Cluster Topology

Overview

A topology shows all the nodes in a cluster. You can check the node statuses, processes, and IP addresses.

Note

  • You can check the topology structure and node processes.

  • Only cluster versions 8.0.0 and later can display the topology structure. Only cluster versions 8.2.0 and later can display node processes.

Viewing the Cluster Topology

  1. Log in to the GaussDB(DWS) management console.

  2. In the cluster list, click the name of a cluster.

  3. On the Cluster Details page, click the Cluster Topology tab.

  4. In the upper part of the page, you can select IP Address or Node Name. After entering the IP address or node name in the search box, you can view the location of the IP address or node name in the cluster topology.

    image1

Topology Overview

image2

This figure shows a topology. The elements marked in the figure are as follows:

  1. Public IP address of the ELB bound to the cluster. If no public IP addresses are bound to the ELB, the service address is displayed.

  2. EIP bound to the cluster.

  3. Search category. You can perform exact search by IP address or node name.

  4. Rings in the cluster.

  5. A ring. Each ring occupies a line. An icon in a ring indicates a node.

  6. A node. The type of the node is displayed in the upper right corner of the icon. Currently, the type can only be CN or DN. If there is a CN process on the node, CN is displayed. If there are no CN processes on the node, DN is displayed.

  7. Node details, including the node name, status, IP addresses, and task process. Node details are displayed when you hover your cursor over a node icon.

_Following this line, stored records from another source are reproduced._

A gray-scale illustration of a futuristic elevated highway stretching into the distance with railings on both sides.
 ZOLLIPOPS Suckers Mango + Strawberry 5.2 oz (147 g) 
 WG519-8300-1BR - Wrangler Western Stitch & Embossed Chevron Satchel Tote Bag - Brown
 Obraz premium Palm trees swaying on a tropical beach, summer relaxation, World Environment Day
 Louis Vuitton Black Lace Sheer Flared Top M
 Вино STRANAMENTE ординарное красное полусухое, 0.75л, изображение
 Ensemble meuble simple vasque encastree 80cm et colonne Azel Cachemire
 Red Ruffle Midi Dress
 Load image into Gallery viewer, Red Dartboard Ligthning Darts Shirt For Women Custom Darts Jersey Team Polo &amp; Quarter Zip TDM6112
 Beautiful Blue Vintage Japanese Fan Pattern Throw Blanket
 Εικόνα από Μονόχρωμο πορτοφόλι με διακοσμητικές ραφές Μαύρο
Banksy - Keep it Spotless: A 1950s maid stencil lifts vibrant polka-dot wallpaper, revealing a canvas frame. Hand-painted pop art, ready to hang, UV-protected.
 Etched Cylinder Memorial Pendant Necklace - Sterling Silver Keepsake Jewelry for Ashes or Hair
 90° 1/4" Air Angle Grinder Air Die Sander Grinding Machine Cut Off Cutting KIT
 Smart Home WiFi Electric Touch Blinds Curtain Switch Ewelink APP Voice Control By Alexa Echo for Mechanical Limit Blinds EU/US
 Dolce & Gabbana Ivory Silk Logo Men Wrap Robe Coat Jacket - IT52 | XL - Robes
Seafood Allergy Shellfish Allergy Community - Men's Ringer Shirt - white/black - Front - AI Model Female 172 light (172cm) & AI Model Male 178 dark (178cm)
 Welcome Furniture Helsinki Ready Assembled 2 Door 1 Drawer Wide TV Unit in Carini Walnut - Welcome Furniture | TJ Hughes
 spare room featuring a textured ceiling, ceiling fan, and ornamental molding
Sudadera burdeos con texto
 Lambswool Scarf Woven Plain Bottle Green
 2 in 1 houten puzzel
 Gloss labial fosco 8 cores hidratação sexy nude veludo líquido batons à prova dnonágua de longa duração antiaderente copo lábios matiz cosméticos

Terms in the Topology View

Table 1 Cluster structure description

Name

Description

Usage

ELB

Elastic Load Balance (ELB) automatically distributes incoming traffic across multiple backend servers based on listening rules you configure.

If the internal IP address or EIP of a CN is used to connect to a GaussDB(DWS) cluster, the failure of this CN will lead to a cluster connection failure. If a private domain name is used for connection, connection failures can be avoided by polling.

However, private domain names cannot be used for public network access, and requests cannot be forwarded in the case of a CN failure. Therefore, ELB is used to avoid single CN failures. For details, see Associating and Disassociating ELB.

EIP

The Elastic IP (EIP) service provides static public IP addresses and scalable bandwidths that enable your cloud resources to communicate with the Internet.

EIPs can be bound to or unbound from ECSs, BMSs, virtual IP addresses, load balancers, and NAT gateways.

Ring

A security ring is used for isolating faulty servers. A fault in a ring does not affect servers outside the ring.

Data on a DN has multiple copies in a ring, and will not be lost even if the DN server is faulty.

For example, if Server1 in a ring is faulty, the standby DN1 on Server2, the standby DN2 on Server3, and the standby DN3 on Server3 are still running. The loads of servers in a ring are still balanced.

A cluster can run properly as long as the number of faulty servers does not exceed the number of rings.

Note

The ring is the minimum unit for a scale-out. When you scale out a cluster, the added nodes must be a multiple of the ring quantity.

Table 2 Node IP addresses

Name

Description

Usage

Manage IP

IP address used by a data warehouse node to communicate with the management plane

It is used by the management plane to deliver commands, and used by the node to report node status and monitoring information.

Traffic IP

IP address of a data warehouse node for external access.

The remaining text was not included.